Question

for the equation $x^{2}+y^{2}-6x - 2y-6 = 0$, do the following.
(a) find the center $(h,k)$ and radius $r$ of the circle.
(b) graph the circle.
(c) find the intercepts, if any.

(a) the center is $(3,1)$.
(type an ordered pair.)

the radius is $r = square$.

Explanation:

Step1: Rewrite the given equation in standard form

The general equation of a circle is $(x - h)^2+(y - k)^2=r^2$, where $(h,k)$ is the center and $r$ is the radius.

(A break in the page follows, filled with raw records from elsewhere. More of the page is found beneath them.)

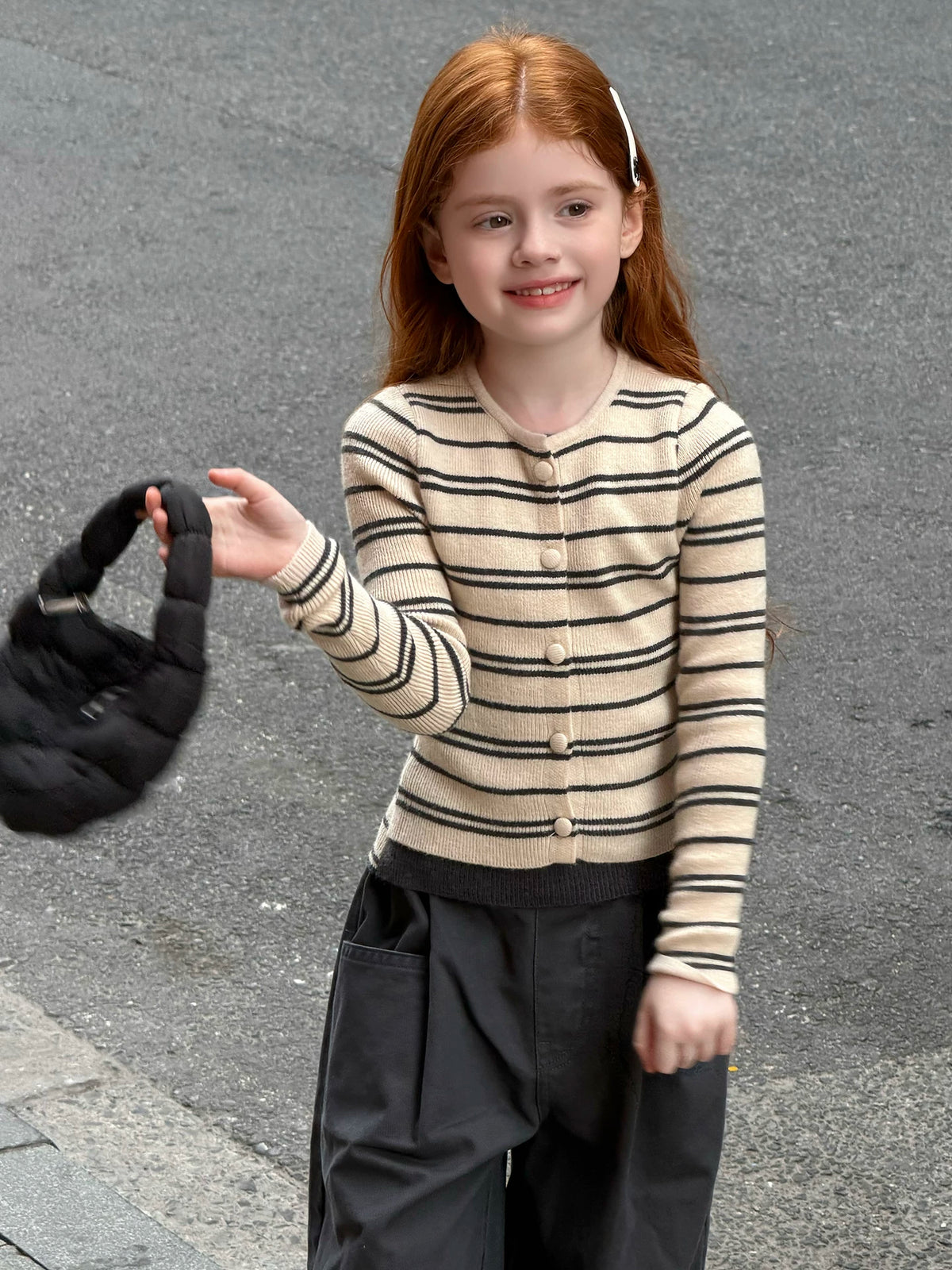 Girls Striped Faux Two-Piece Cardigan - Slim Korean Knit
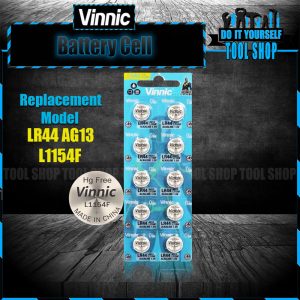 Vinnic LR44 AG13 L1154F 1.5 V Alkaline Batteries 10 Pcs - Original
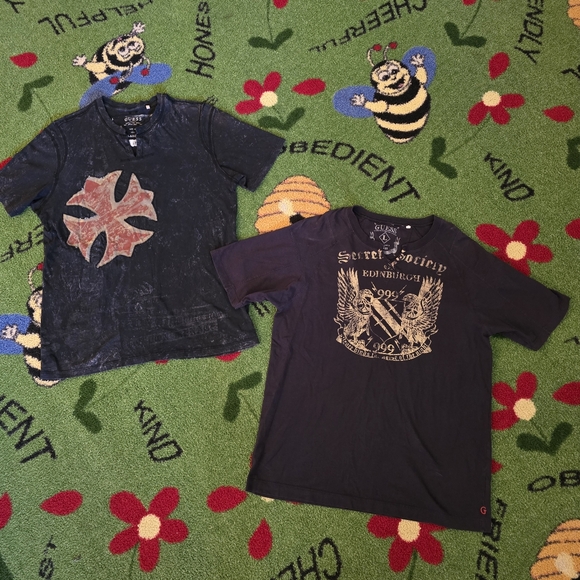 Guess Men's Black Graphic Tee Size Large - Picture 1 of 12
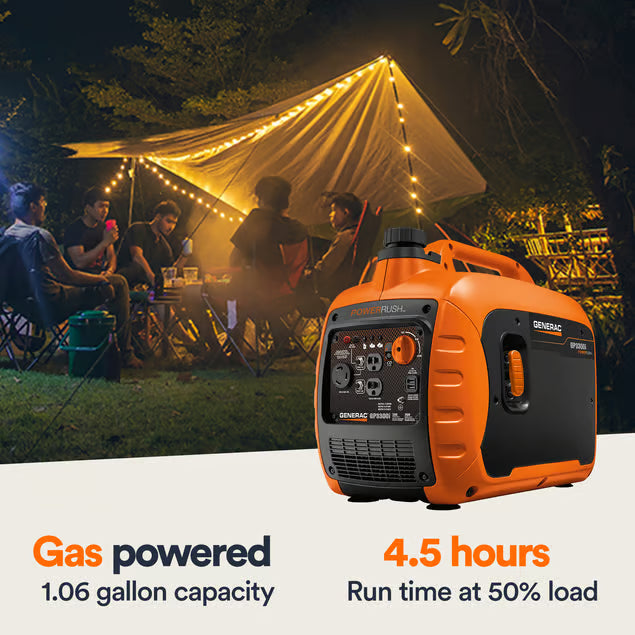 Generac GP3300i 3300-watt inverter generator with COsense carbon monoxide protection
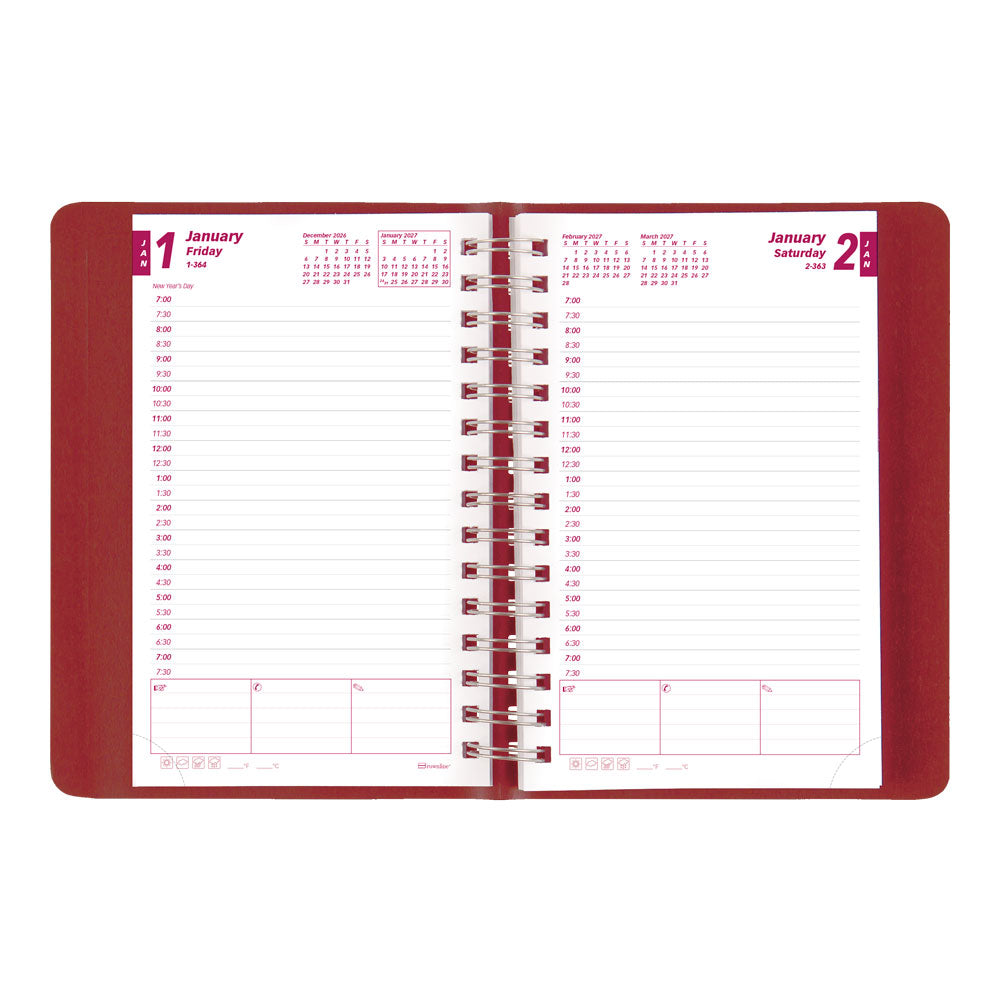 Essential Daily/Monthly Appointment Book, 2027, English Red CB634W.RED-27 Brownline Canada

Given $x^{2}+y^{2}-6x - 2y-6 = 0$. Complete the square for $x$ and $y$ terms.
For the $x$ - terms: $x^{2}-6x=(x - 3)^{2}-9$. For the $y$ - terms: $y^{2}-2y=(y - 1)^{2}-1$.
So the equation becomes $(x - 3)^{2}-9+(y - 1)^{2}-1-6=0$, which simplifies to $(x - 3)^{2}+(y - 1)^{2}=16$.

Step2: Identify the radius

Since the standard - form of the circle is $(x - 3)^{2}+(y - 1)^{2}=16=(x - 3)^{2}+(y - 1)^{2}=4^{2}$, by comparing with $(x - h)^{2}+(y - k)^{2}=r^{2}$, we can see that $r = 4$.

Answer:

4